Le film abolit l’espace-temps, La Jetée devien un objet de spéculation sur le temps et sa nature et le film se construit ou se développe par l’intermédiaire de deux langages en même temps, la parole et l’image. Avec La Jetée, Marker exploite parallèlement les possibilités discursives du verbe et du film. La voix off parcourt les temps grammaticaux de la langue française comme le personnage du film navigue entre passé, présent et futur. Les deux formes d’expression se doivent de converger, de se rejoindre. Ce sera le cas à travers l’image d’un enfant et d’un homme qui meurt, deux repères disjoints par la durée mais qu’une image définie par un temps pensé et un temps de la pensée réunit (le film lui-même).

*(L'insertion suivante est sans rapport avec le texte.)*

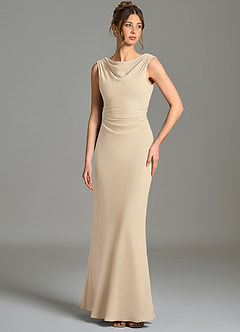 Azazie Kieryn Bridesmaid Dresses Champagne Mermaid Pleated Chiffon Dress image1
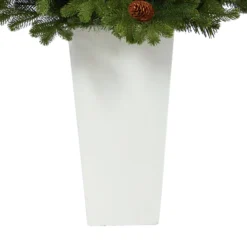 3.5’ Yukon Mountain Fir Artificial Christmas Tree With 50 Clear Lights And Pine Cones In White Planter -Cheap Artificial Trees Store artificial 35 yukon mountain fir artificial christmas tree with 50 clear lights and pine cones in white planter nearly natural 504406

Il s’agit là de proposer au spectateur une expérience unique (enfin presque si nous considérons Vertigo et Je t’aime, Je t’aime) qui consiste à éprouver grâce au film ce que le temps interdit aux hommes, c’est-à-dire de pouvoir mesurer les effets d’un paradoxe temporel qui se définit ici par la possibilité de modifier le temps afin de concevoir ce qui est à l’origine de la modification.
Crédit Photo : ©Argos-film
Suppléments :
Un livre de 250 pages
Regards sur La Jetée par Jean-Michel Frodon (44 min)
Quand La Jetée croise Vertigo (10 min)
Jean Négroni raconte le tournage de La Jetée (4 min)
Petite visite du bar La Jetée à Tokyo (2 min)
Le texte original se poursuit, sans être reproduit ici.